7.11 Export GWAS Table, Export MT to BGEN

We can convert our Hail GWAS table and bring it into memory using the .to_pandas() method. Then we can write it to HDFS using .to_csv().

# Convert to Pandas DataFrame
ann_gwas_pd = ann_gwas_tb.to_pandas()
# Save as CSV file to Hadoop File System
ann_gwas_pd.to_csv("gwas-results.csv")

Our gwas-results.csv file is now in the Hadoop File System. Then we can run hdfs get to pull it onto the disk of the Driver node. Then we can use dx upload to get it into project storage.

%%bash

#Fetch results file from Hadoop File System and save to Driver Node Storage
hdfs dfs -get gwas-results.csv
#Upload resutls file to Project Storage
dx upload gwas-results.csv --destination "/users/tladeras/"
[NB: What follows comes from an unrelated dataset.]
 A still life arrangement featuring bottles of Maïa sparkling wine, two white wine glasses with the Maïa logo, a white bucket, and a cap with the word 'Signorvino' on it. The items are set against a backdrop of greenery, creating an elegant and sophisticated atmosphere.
If we want to output BGEN files, there is no direct way for the notebook to write data into the project, so we will first write into HDFS (see https://documentation.dnanexus.com/developer/apps/developing-spark-apps#spark-cluster-management-software).

After writing out the BGEN files to HDFS, we can then move the data to the project in the next step as above.

Note that we can also do this in a single step by using dxFUSE in -limitedWrite mode.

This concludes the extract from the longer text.